The structure of the sentence
[5] The Judge considered that this was serious offending. It involved a considerable quantity of ammunition of different types. She considered the
offending to be premeditated, and that it warranted a starting point of 20 months imprisonment.
[6] The Judge then noted that Mr Blackett has five previous convictions for unlawfully being in possession of firearms. The last of these occurred in 1998. On that occasion, he was sentenced to six months periodic detention and given a final warning that a sentence of imprisonment would follow if he was convicted of similar offending in the future.
[7] The Judge considered the previous convictions warranted an uplift of eight months. She was therefore left with an end starting point of 28 months imprisonment before having regard to mitigating factors personal to Mr Blackett. She applied a discount of seven months, or 25 per cent, to reflect Mr Blackett’s early guilty pleas. This produced the end sentence of 21 months imprisonment.
The arguments
[8] Counsel for Mr Blackett contends that the starting point of 20 months imprisonment was outside the available range. He referred me to several cases in which sentences of between nine months and two years imprisonment have been imposed on firearms related charges. I have found the most helpful of these to be
Long v New Zealand Police[2] and Hemopo v Police.[3]
[2] Long v New Zealand Police HC Palmerston North CRI-2009-454-39, 8 October 2009.
[3] Hemopo v Police HC Hamilton CRI-2009-419-80, 15 February 2010.
[9] In Long v Police, the appellant had been found in possession of two rifles, a pistol, numerous firearms parts, a smoke grenade and approximately 900 rounds of ammunition. Of these, 190 rounds were compatible with the pistol found in the appellant’s possession. The sentencing Judge had taken a starting point of two and a half years imprisonment. On appeal, Ronald Young J considered that the overall culpability of the offending did not warrant a starting point of greater than 20 months
imprisonment.
[10] In Hemopo v Police, Allan J reviewed several authorities involving unlawful possession of firearms.[4] In the case before him, the appellant had been found in possession of an airgun. Allan J considered that the culpability of this offending warranted a starting point of eight to nine months imprisonment.
[4] Solicitor General v Lyon HC Auckland CRI-2004-404-77A, 11 July 2006; Harrison v Police HC Hamilton CRI-2007-419-101, 27 September 2007; R v Wright (1991) 7 CRNZ 624; R v Taputoro HC Wellington T935/99, October 1999; R v Wootton CA42/89, 15 June 1989; R v Corner CA291/87, 17 March 1988 R v Walker and Garden HC Hamilton CRI-2006-019-8473, 30
November 2007.
[11] Counsel for the respondent accepted that the starting point the Judge selected was high. She submitted, however, that it was nevertheless within the available range, and that the Judge may well have taken into account two factors that were of relevance. First, the Judge may have taken into account the fact that the friend in Rotorua was apparently storing firearms on behalf of Mr Blackett. If that was the case, Mr Blackett would have been unlawfully in possession of the firearms because he maintained control over them.
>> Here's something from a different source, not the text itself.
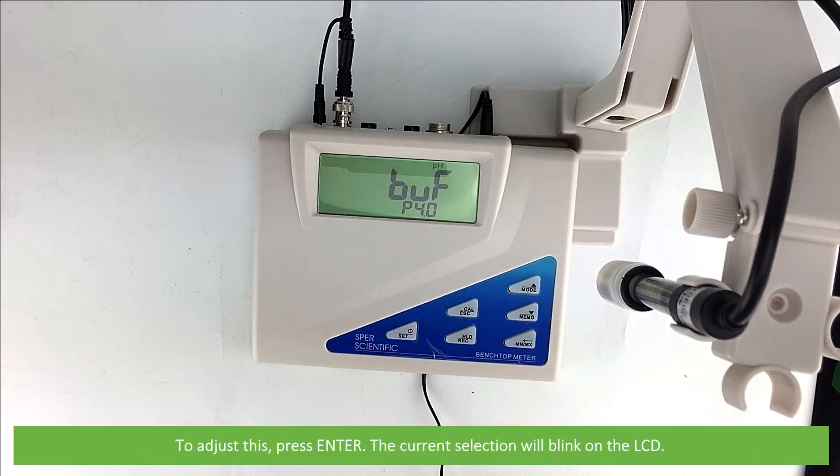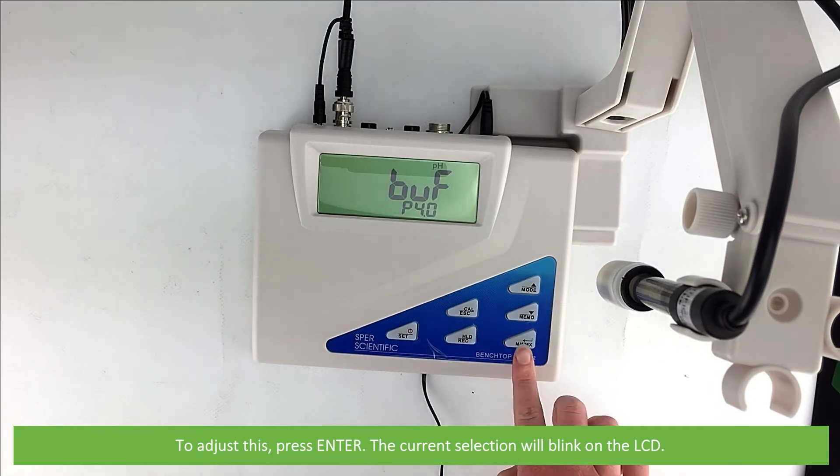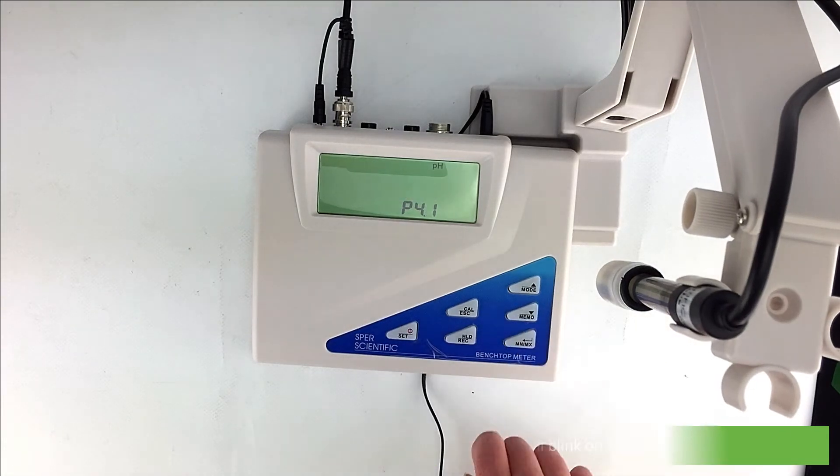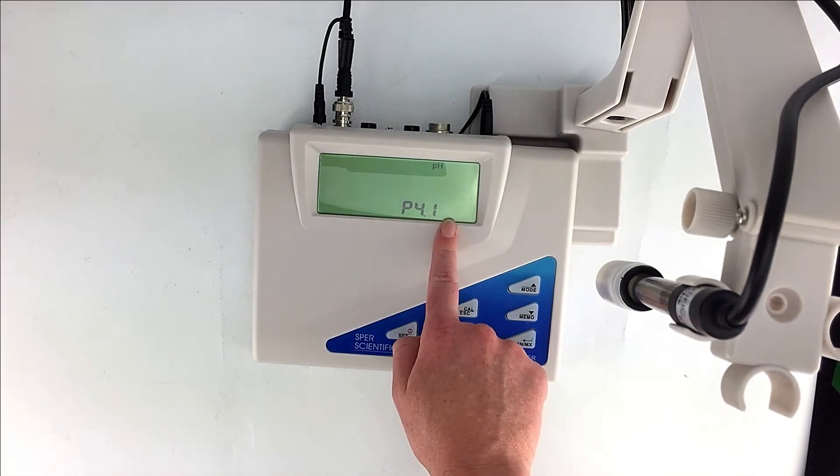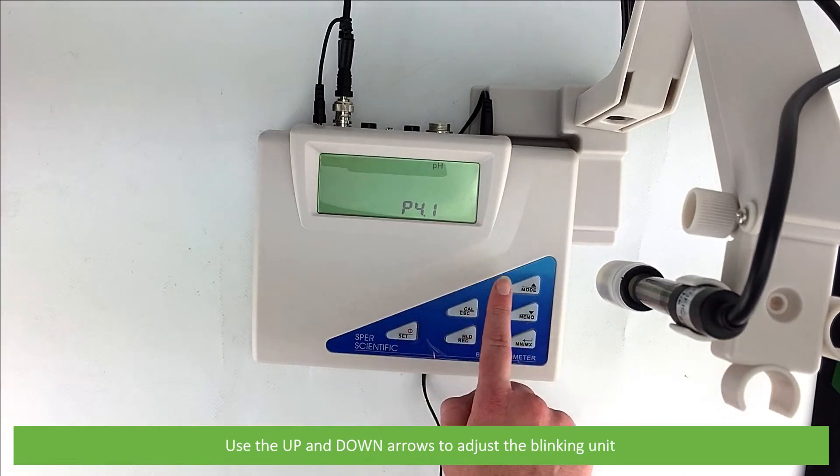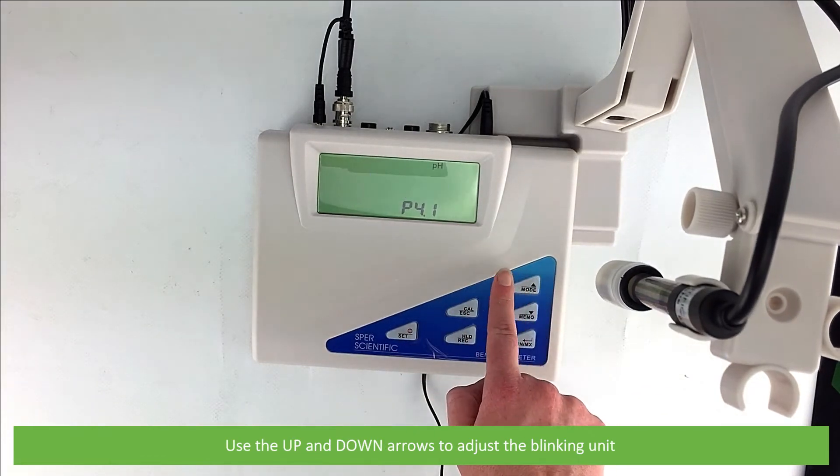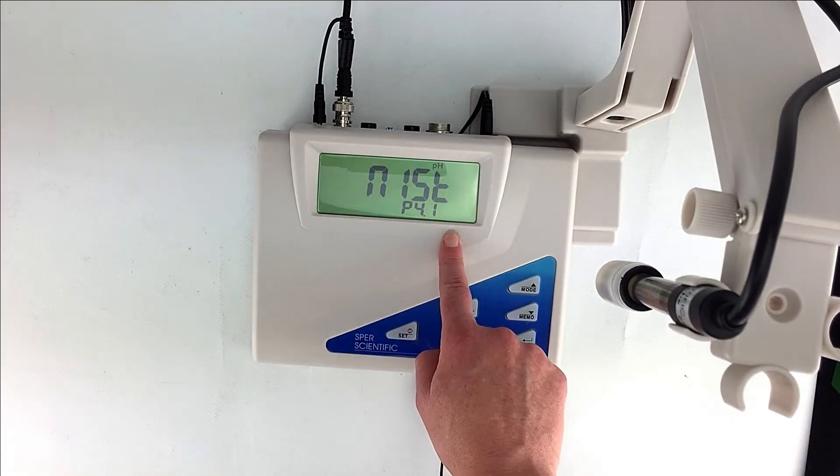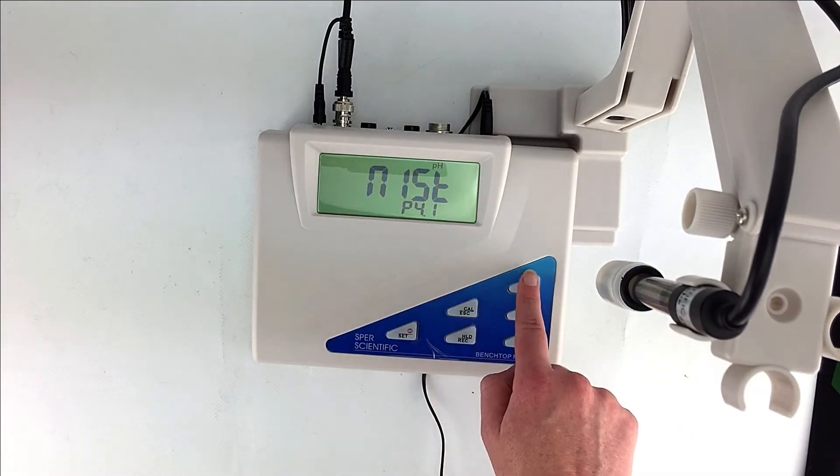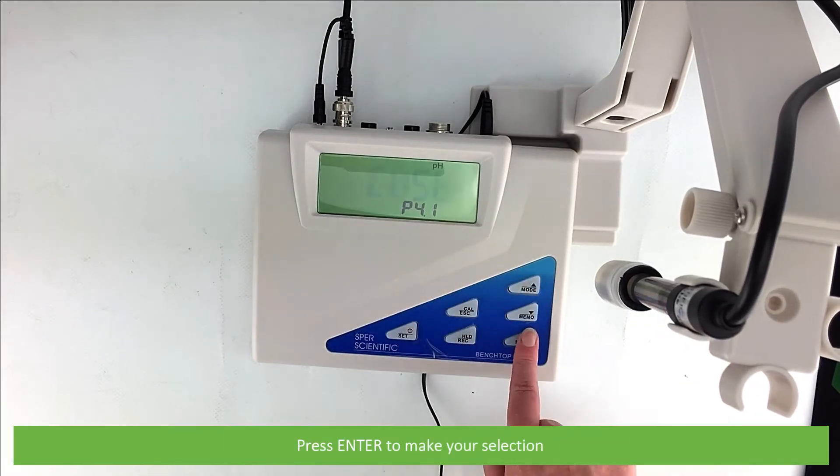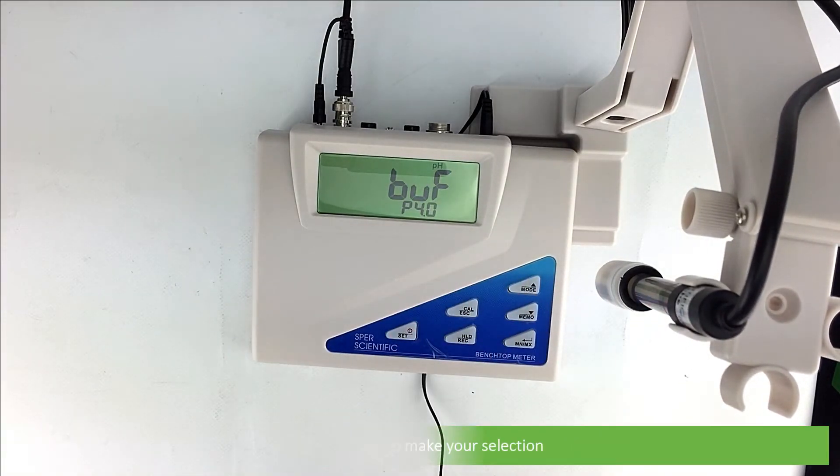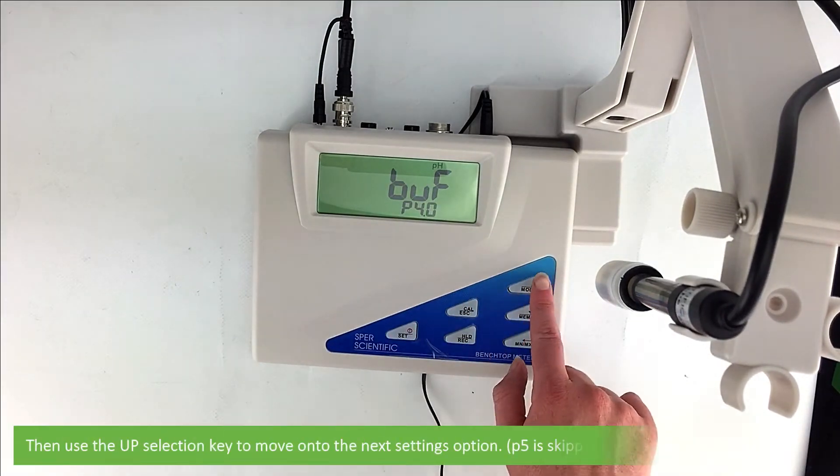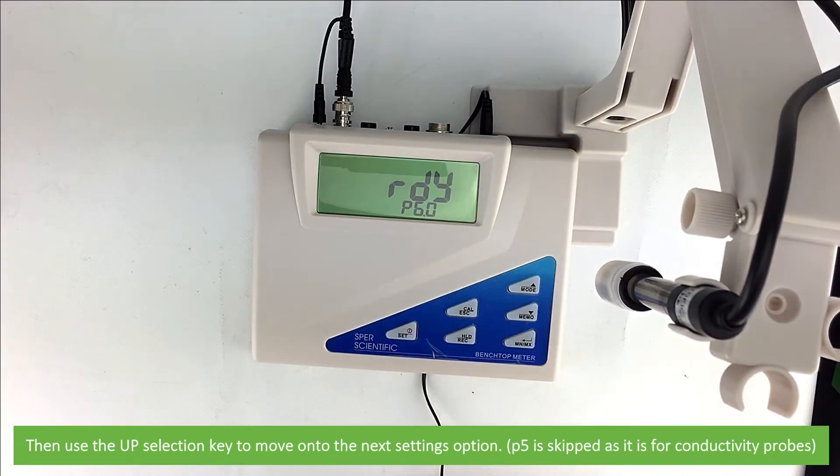To adjust this press enter. The current selection blinks on the LCD. Use the up and down arrows to adjust the blinking unit. Press enter to make your selection. Then use the up selection key to move on to the next settings option.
[12] Secondly, counsel for the respondent submits that the starting point may also have included a component to reflect the fact that the offending had occurred whilst Mr Blackett was on parole. The Judge clearly identified that as an aggravating factor, but did not provide any discrete uplift in respect of it.
Decision
[13] I agree that the manner in which a sentence is structured is not determinative of an appeal against sentence. The critical issue is whether or not the end sentence is manifestly excessive. Having regard to the authorities, however, I have concluded that a starting point of 20 months imprisonment was outside the available range. When the facts in Long are compared with the facts of the present case, a starting point of 20 months imprisonment was obviously too high. The appellant in Long was found in possession of three times the amount of ammunition that was found in Mr Blackett’s possession. In addition, the appellant in that case was found in
possession of three firearms.
[14] I do not consider that a starting point of greater than 12 months imprisonment could be justified in the present case.
[15] To that starting point an uplift needed to be applied to reflect the fact that Mr Blackett has five previous convictions for similar offending. Although the last of these was in 1998, he nevertheless must have been aware that the Court would be likely to view seriously any further similar transgression on his part. Previous community-based sentences have obviously had no effect. The amount of any uplift needs, however, to be proportionate to the starting point selected. I do not consider an uplift of greater than three months could be justified to reflect previous convictions.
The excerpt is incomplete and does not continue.